A former senior manager at Huobi, one of the world’s largest crypto exchanges, is being prosecuted in Hong Kong after accusations that he made $5mn by secretly trading against a company account he controlled.
The case, which has not been previously reported, concerns trades allegedly made in February and March 2020 by a then-senior manager in Huobi’s institutional clients department, Chen Boliang.
The claims against Boliang come as the crypto industry not only endures a spiralling credit crunch but, after years in the wild west of finance, is increasingly facing the consequences of employee conduct and compliance issues that have ensnared more traditional banks and fund managers.
Huobi has risen from its launch in China in 2013 to become among the top five crypto exchanges in the world by daily volume of crypto traded. The exchange is now registered in the Seychelles following a crackdown on crypto exchanges in China last year.

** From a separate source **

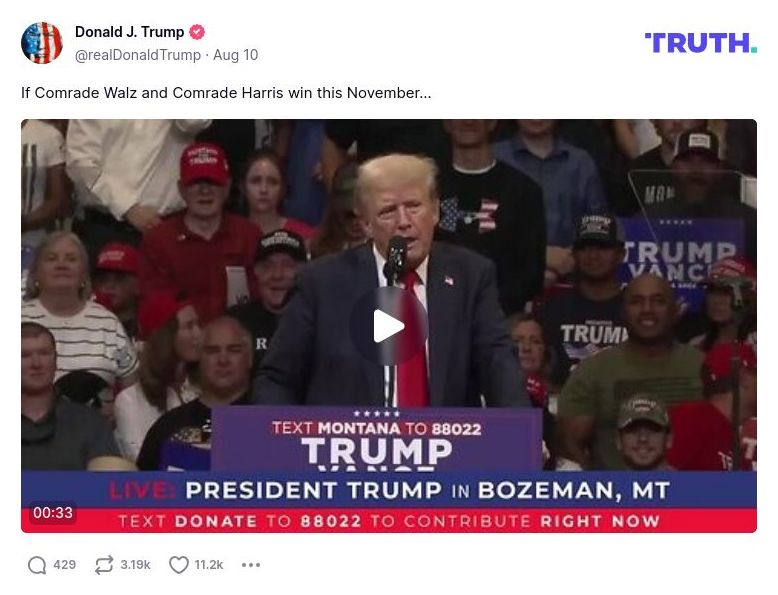 Post image from Donald Trump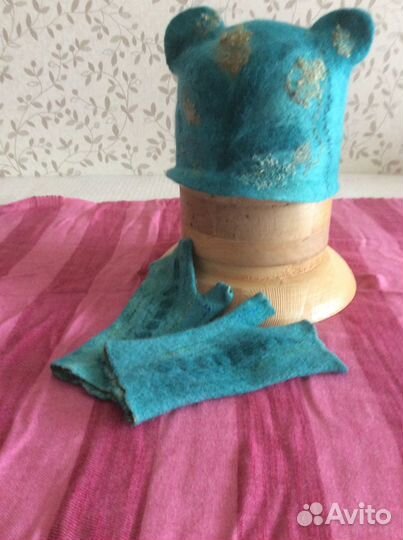 Комплект шапочка Кошка и митенки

Boliang’s case is set for a preliminary inquiry before a magistrate next week Such inquiries in Hong Kong law are requested by a defendant and are conducted to decide if there is enough evidence for the case to go to trial.
Boliang, 34, was arrested in May 2020 and has been charged with accessing Huobi’s computer systems with criminal or dishonest intent and dealing with the proceeds of a crime in the form of $5mn worth of USDT, a type of stablecoin, according to Hong Kong court records.
He allegedly set up a Huobi retail account in his father’s name, and gave it a $20mn credit line from the exchange, according to a civil lawsuit filed by Huobi. He then traded against a Huobi corporate account he also controlled, a scheme that netted him about $5mn of profits, the suit alleged.
Boliang is out on a $25,000 bail, according to a charge sheet released in Hong Kong this month. He faces six counts on accessing Huobi’s computer systems and one count related to proceeds of crime. An attorney for Boliang, Lareina Chan, did not respond to a request for comment.
It is unclear how Huobi detected the trades, though it reported Boliang to the police in April that year.
Huobi Global said: “Mr Boliang Chen’s employment with Huobi Global was terminated in May 2020. We have no further comments pertaining to the charges against Mr Boliang Chen and believe in the administration of justice by the HK Special Administrative Region.”
Law enforcement agencies globally have sought to police crypto markets more aggressively in recent years, making clear that they view criminal laws that apply to traditional financial firms just as applicable to cryptocurrencies.
Earlier this month, US prosecutors brought an insider trading case against a former employee of OpenSea, the marketplace for non-fungible tokens, or NFTs. Such assets have become prominent from their use in digital artworks.